3.1. Data and SEM Analysis

Structural equation modeling (SEM) is used to test the theoretical model and examine how and why various exogenous factors directly and indirectly affect environmental management performance outcomes. We used the traditional varimax with Kaiser normalization of principal component analyses. The empirical analysis gives both the direct and indirect effects of specific causal variables on performance variables. SEM is able to simultaneously estimate multiple dependence relationships, while also incorporating multiple measures for each construct. Each of the path coefficients is estimated, using the maximum likelihood method, while the model’s overall goodness of fit is evaluated using the following six indicators: chi-square statistic/degree of freedom, goodness-of-fit index (GFI), normed fit index (NFI), comparative fit index (CFI), root mean square residual (RMR), and root mean square error of approximation (RMSEA).

This study uses data collected by the Global Manufacturing Research Group (GMRG) (www.gmrg.org) from the Round 4.0 Survey, with 969 samples from 17 countries [49,50]. Appendix A provides more details on the samples. The unit of analysis was the relationship between a plant and its most important supplier, and plant managers were key informants. The data collectors were instructed to assess non-response bias by comparing early and late respondents (responses received after a reminder mailing) regarding the variable means.
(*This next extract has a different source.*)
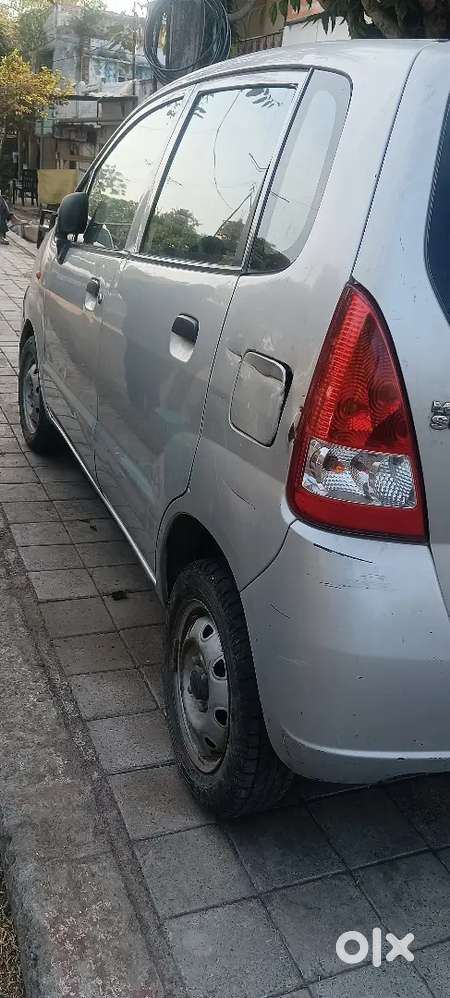 Maruti Suzuki Zen Estilo 2010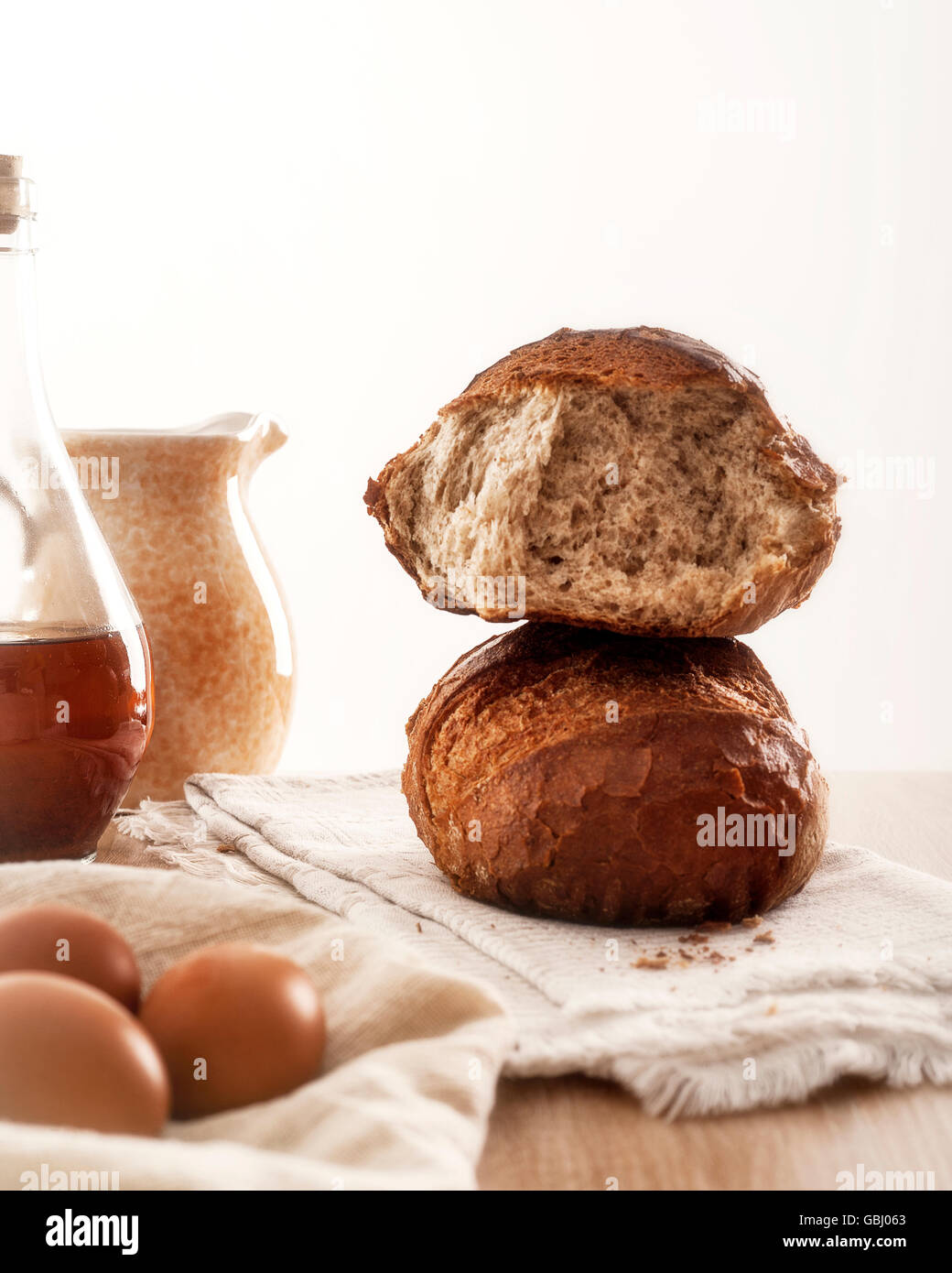 Knuspriges Bauernbrot auf einem roten Schwimmsachen auf einem Tisch Stockfoto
No systemic differences between early and late respondents were detected. More than 50% of the samples were collected from manufacturers of electronic and electrical equipment (US SIC 36), fabricated metal products (US SIC 34), commercial machinery, as well as computer equipment (US SIC 35), and food and kindred products (US SIC 20). We do not find significant differences in environmental uncertainty, asset specificity, or governance between industry types. Schoenherr [51] and Wiengarten et al. [35] have made similar observations regarding the effects of industry type and firm size using a similar dataset. Normality of the data distribution is supported by the generalized multi-variate central limit theorem (CLT). For multicollinearity, the VIFs were statistically insignificant using SPSS.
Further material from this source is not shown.